The Royal Highland and Agricultural Society of Scotland played an important role in encouraging the development of agricultural implements and machines, exhibiting them and arranging trials and demonstrations of them. In the 1890s the Society also arranged working demonstrations. These were for binders. This was one of the only times in the history of the Society that it arranged demonstrations rather than trials. They were not competitive and awards were not given. They were arranged to give farmers and agriculturists the opportunity to see these machines at work.
These exhibitions were undertaken in different locations throughout the country. These were usually in the different show districts where the show was in attendance.
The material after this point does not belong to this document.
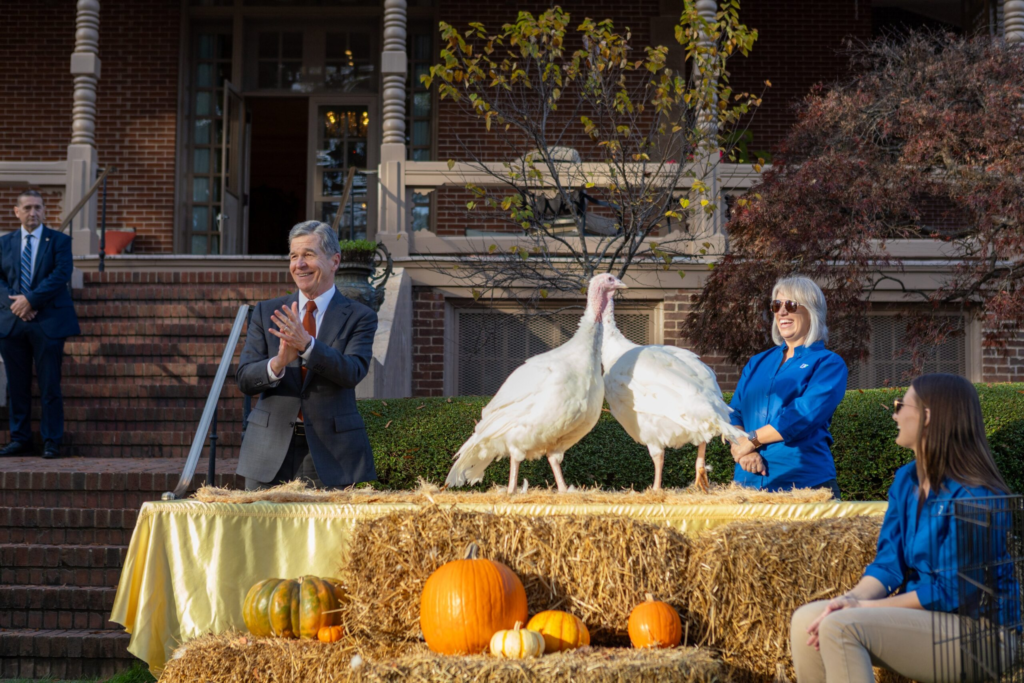 Governor Roy Cooper Pardons Turkeys Ethel & Bertha in Thanksgiving Ceremony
The following are a number of accounts of these exhibitions. They set out how the exhibitions were arranged, and describe how they worked in sometimes trying conditions with twisted and flattened crops.
Exhibition in Midlothian in 1893 (from Elgin courant and Morayshire advertiser, 22 August 1893)
“On Wednesday last an exhibition of binders at work was held under the auspices of the Highland and Agricultural Society at Niddrie Mains, Liberton, near Edinburgh. The exhibition was not a strictly competitive one. No awards were given, but a committee of gentlemen who acted as stewards made a report to the Society, in which they embodied their observations regarding the performances of the various machines that were at work. The committee consisted of Messrs Jonathan Middleton, Clay of Allan, Ross-shire; Geo. R. Glendinning, Hatton Mains; J. T. Paterson, Grange Loan, Edinburgh; and A. S. Logan, Fernie Castle, along with whom there was Mr Park, the Society’s engineer.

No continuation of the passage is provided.